THE TASK —
Exactly and only the lines below from the one containing "Madewell Cream Cable" down to the one containing "Women's Sleeveless V-Neck" are wanted, both included; please exclude every picture.

RECORDS —

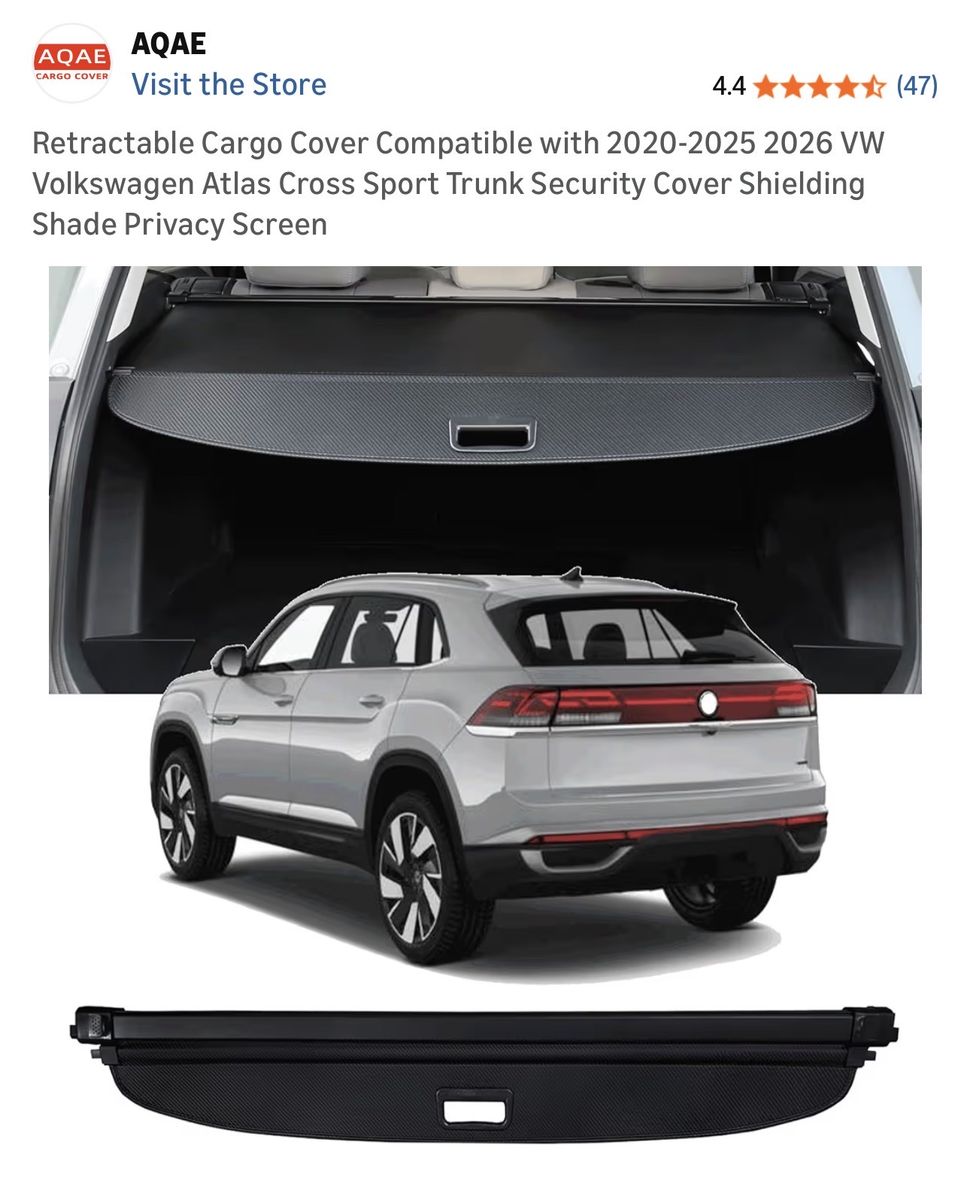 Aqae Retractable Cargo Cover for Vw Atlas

==

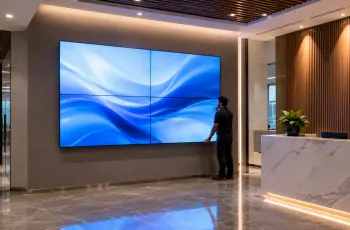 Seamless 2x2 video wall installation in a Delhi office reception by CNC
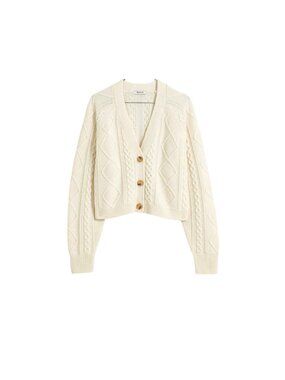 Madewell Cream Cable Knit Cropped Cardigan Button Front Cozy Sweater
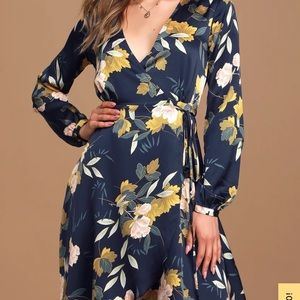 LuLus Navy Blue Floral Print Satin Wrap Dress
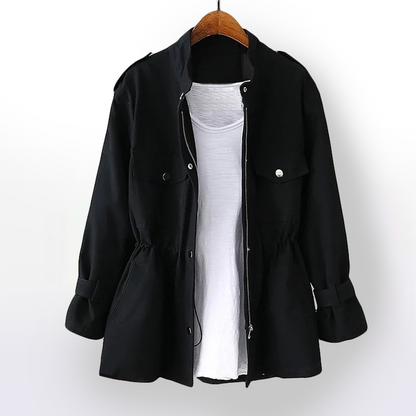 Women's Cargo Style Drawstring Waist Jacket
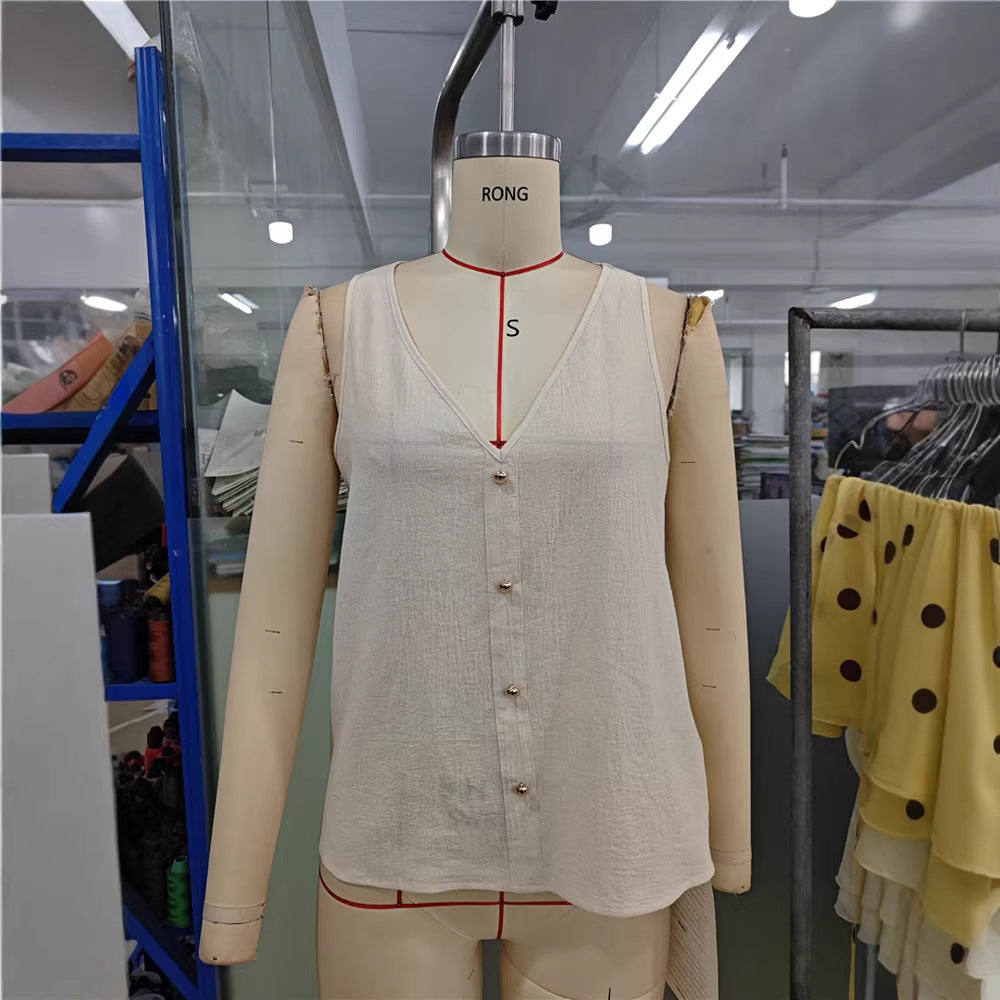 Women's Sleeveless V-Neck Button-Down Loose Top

==

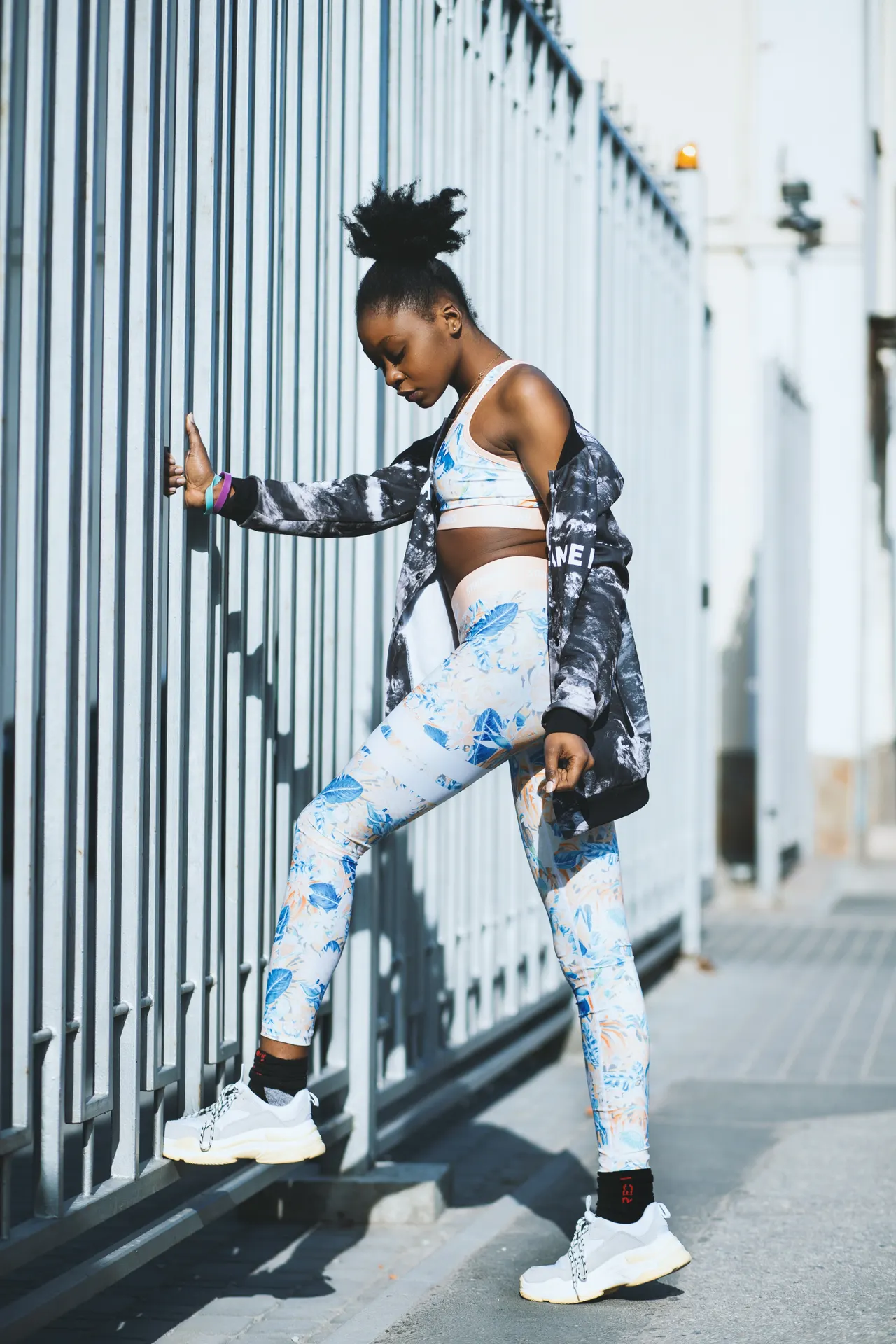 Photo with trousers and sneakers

REPLY —
 Madewell Cream Cable Knit Cropped Cardigan Button Front Cozy Sweater
 LuLus Navy Blue Floral Print Satin Wrap Dress
 Women's Cargo Style Drawstring Waist Jacket
 Women's Sleeveless V-Neck Button-Down Loose Top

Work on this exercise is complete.